Less than 200 m from Pembroke Street to Bene't Street: the narrow Free-School Lane in the very center of Cambridge. The Cavendish Laboratory – the Department of Physics of Cambridge University – opened here on June 16, 1874.

“I never try to dissuade a man from trying an experiment; if he does not find out what he is looking for he may find something else.” This phrase by James Maxwell, the first Director of the Cavendish Laboratory, became the motto of the scientific laboratory. At different times, Lord Rayleigh who discovered argon, Joseph John Thomson the physicist, and Lord Rutherford known as the “father of nuclear physics” were Cavendish Professors and all of them were Nobel Prize winners. There is a total of 27 names on the list of Nobel Prize winners who worked at the Cavendish Laboratory, including Pyotr Leonidovich Kapitsa, who came to Cambridge to work at 27 and developed under Rutherford’s direction.

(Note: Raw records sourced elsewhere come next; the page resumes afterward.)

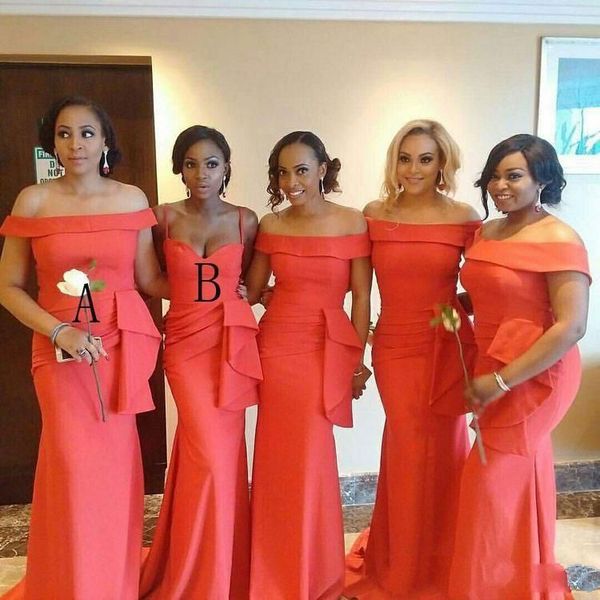 

african black girls coral satin mermaid bridesmaid dresses ruched ruffles floor length plus size wedding guest maid of honor dresses, White;pink
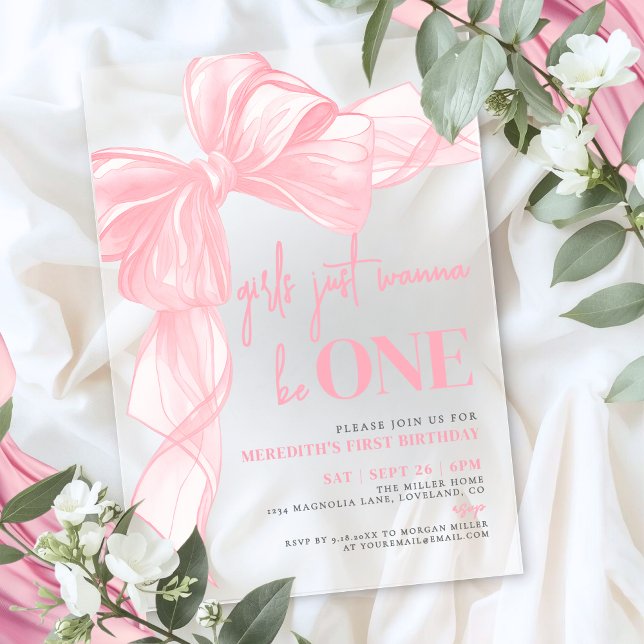 Pink Bow Girls Just Wanna Be ONE 1st Birthday Acrylic Invitations (Pink Bow Girls Just Wanna Be ONE 1st Birthday Acrylic Invitations)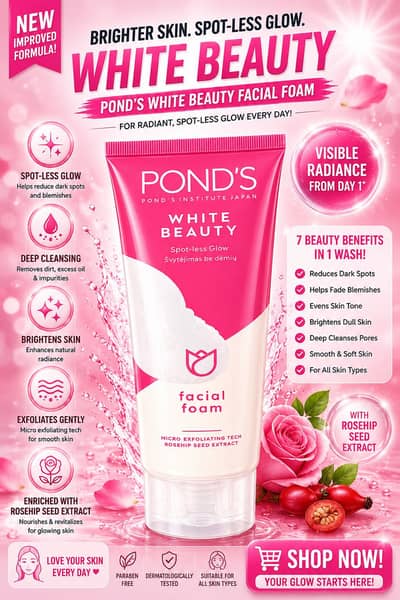 Ponds white beauty facial foam facewash
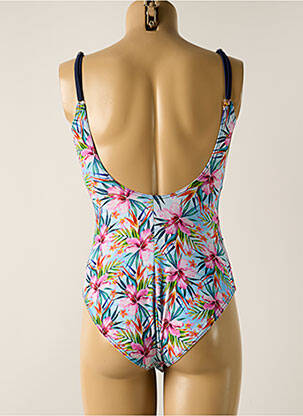 Costum de baie dintr-o singură piesă efect material satinat top sutien modelat albastru MISS CARAÏBES femeie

The Department of Physics at Cambridge University was created as the world’s first training and scientific laboratory: students could study there and do research together with scientists who worked at the university. The Cavendish Laboratory is named after William Cavendish, 7th Duke of Devonshire and chancellor of the university – he donated 6,300 pounds sterling for the construction of a physics laboratory on condition that the Colleges provided the funding for a Professorship of Experimental Physics.

The Laboratory in the historical building expanded at a great rate until central Cambridge became so overcrowded that the department needed new buildings, which were built in the outskirts of West Cambridge. Students and professors moved there 100 years after the laboratory was founded – in 1974.

James Chadwick discovered neutron at the Cavendish Laboratory; the first experiment in controlled nuclear fission was performed there; there was nuclear bomb research in the laboratory during World War 2; and in 1940, the laboratory came up with the method of producing plutonium and neptunium by neutron bombardment of uranium-238 nuclei.

In its new buildings, the laboratory continued its previous research projects and launched new disciplines: major plants were developed for radio astronomy and semiconductor physics; scientists worked in biological physics and physics of medicine; physics of polymer semiconductors flourished.

The early 21st century brought discoveries in nanotechnology, ultra-cold atoms, and ultra-low-temperature physics.